Discurso de Posse de Rosa
Maria Maia Gouvêa Esteves – Sócia Fundadora da Academia
Itatiaiense de História – dia 07/08/1993
Cadeira - Reynaldo MaiaSouto
Primeiramente, meus
cumprimentos ao Exmo.sr. Jair Alexandre, DD. Prefeito de Itatiaia,
ao Exmo.sr.
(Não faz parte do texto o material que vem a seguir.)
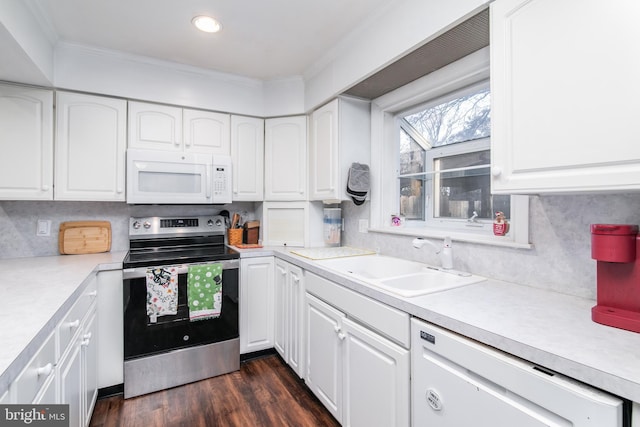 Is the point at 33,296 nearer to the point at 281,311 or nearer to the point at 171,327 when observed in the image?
the point at 171,327

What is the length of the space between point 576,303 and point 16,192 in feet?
9.97

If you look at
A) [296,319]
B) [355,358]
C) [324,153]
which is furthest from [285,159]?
[355,358]

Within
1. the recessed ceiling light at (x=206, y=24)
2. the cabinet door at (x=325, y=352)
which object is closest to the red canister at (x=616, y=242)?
the cabinet door at (x=325, y=352)

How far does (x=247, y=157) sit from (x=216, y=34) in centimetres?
A: 97

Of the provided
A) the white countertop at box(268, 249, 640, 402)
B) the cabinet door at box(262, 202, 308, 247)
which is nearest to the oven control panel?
the cabinet door at box(262, 202, 308, 247)

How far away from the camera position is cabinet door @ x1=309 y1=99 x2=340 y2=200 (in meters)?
2.28

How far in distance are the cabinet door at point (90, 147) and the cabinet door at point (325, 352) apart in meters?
1.66

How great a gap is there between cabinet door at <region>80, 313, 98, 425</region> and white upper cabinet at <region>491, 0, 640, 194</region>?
6.69ft

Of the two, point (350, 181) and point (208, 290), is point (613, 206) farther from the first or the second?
point (208, 290)

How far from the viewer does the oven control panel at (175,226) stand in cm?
245

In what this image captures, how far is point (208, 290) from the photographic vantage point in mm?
2115

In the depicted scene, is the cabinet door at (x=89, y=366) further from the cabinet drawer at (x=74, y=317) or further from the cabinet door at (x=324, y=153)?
the cabinet door at (x=324, y=153)

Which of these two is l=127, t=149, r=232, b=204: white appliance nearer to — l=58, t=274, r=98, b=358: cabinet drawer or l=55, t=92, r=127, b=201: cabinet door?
l=55, t=92, r=127, b=201: cabinet door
José Ricardo dos Santos, Presidente da Câmara Municipal
de Itatiaia, demais autoridades, ao presidente da Academia
Itatiaiense de História, confrade Cláudio Moreira Bento, Confrades,
confreira, senhores e senhoras
Tomar posse na cadeira cujo
nome tem por patrono Reynaldo Maia Souto deixa-me duplamente
envaidecida uma vez que além de grande figura humana, foi um homem
de destaque tanto na sociedade Barreirense, Resendense e Itatiaiense
e é também meu tio avô.Falar de Reynaldo é um deleite uma vez que
tudo que fez, assim também o foi...
Começo citando sua
autobiografia: ”Nos últimos suspiros do século dezenove, ali um
quilometro da cidade de S. José do Barreiro, mais para o sul e mais
perto da serra da Bocaina, numa velha palhoça, eu vi pela vez
primeira, as luzes do mundo, em 23 de março de 1892. Naquele mesmo
teto, dez irmãos se agitavam em busca de um destino e todos
cresceram sobre o calor de um pai português e de uma mãe
brasileira”.(manuscritos – Reynaldo Maia Souto).
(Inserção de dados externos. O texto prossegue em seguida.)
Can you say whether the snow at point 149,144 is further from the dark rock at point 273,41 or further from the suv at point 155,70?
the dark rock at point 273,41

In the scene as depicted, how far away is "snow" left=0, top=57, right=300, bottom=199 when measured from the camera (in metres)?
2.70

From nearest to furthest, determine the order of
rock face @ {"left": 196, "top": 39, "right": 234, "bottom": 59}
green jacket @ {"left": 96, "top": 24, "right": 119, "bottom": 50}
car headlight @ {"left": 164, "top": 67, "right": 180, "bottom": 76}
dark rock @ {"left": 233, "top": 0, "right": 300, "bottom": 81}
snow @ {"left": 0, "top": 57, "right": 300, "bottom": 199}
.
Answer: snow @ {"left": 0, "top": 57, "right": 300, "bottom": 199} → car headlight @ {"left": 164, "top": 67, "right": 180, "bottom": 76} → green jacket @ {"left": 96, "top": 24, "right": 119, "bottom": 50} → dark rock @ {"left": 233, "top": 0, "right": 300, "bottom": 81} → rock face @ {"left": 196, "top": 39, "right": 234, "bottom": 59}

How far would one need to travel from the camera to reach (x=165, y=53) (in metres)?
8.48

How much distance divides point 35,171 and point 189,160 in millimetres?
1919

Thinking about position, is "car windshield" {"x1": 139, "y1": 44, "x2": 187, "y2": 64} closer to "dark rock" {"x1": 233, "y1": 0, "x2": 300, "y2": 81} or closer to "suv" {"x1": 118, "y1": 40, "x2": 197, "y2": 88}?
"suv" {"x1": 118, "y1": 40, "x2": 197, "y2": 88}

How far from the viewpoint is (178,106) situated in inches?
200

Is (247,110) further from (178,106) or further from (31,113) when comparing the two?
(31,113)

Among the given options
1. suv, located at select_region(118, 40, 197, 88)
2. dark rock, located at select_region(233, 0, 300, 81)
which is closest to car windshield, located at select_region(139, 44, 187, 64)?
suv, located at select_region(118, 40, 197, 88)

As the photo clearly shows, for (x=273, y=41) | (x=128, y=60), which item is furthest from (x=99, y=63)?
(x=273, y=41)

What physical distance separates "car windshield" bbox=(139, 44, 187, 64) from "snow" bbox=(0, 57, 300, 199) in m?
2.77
Passou sua infância na chácara
da família em S. José do Barreiro, apreciando a natureza, o que
influenciou muito como iremos observar em seus manuscritos, com
exaltação a Serra da Bocaina, seus piqueniques pelos campos, sua
sensibilidade para apreciar os pássaros e flores, o que o levou a
pesquisas metereológicas na Serra da Bocaina.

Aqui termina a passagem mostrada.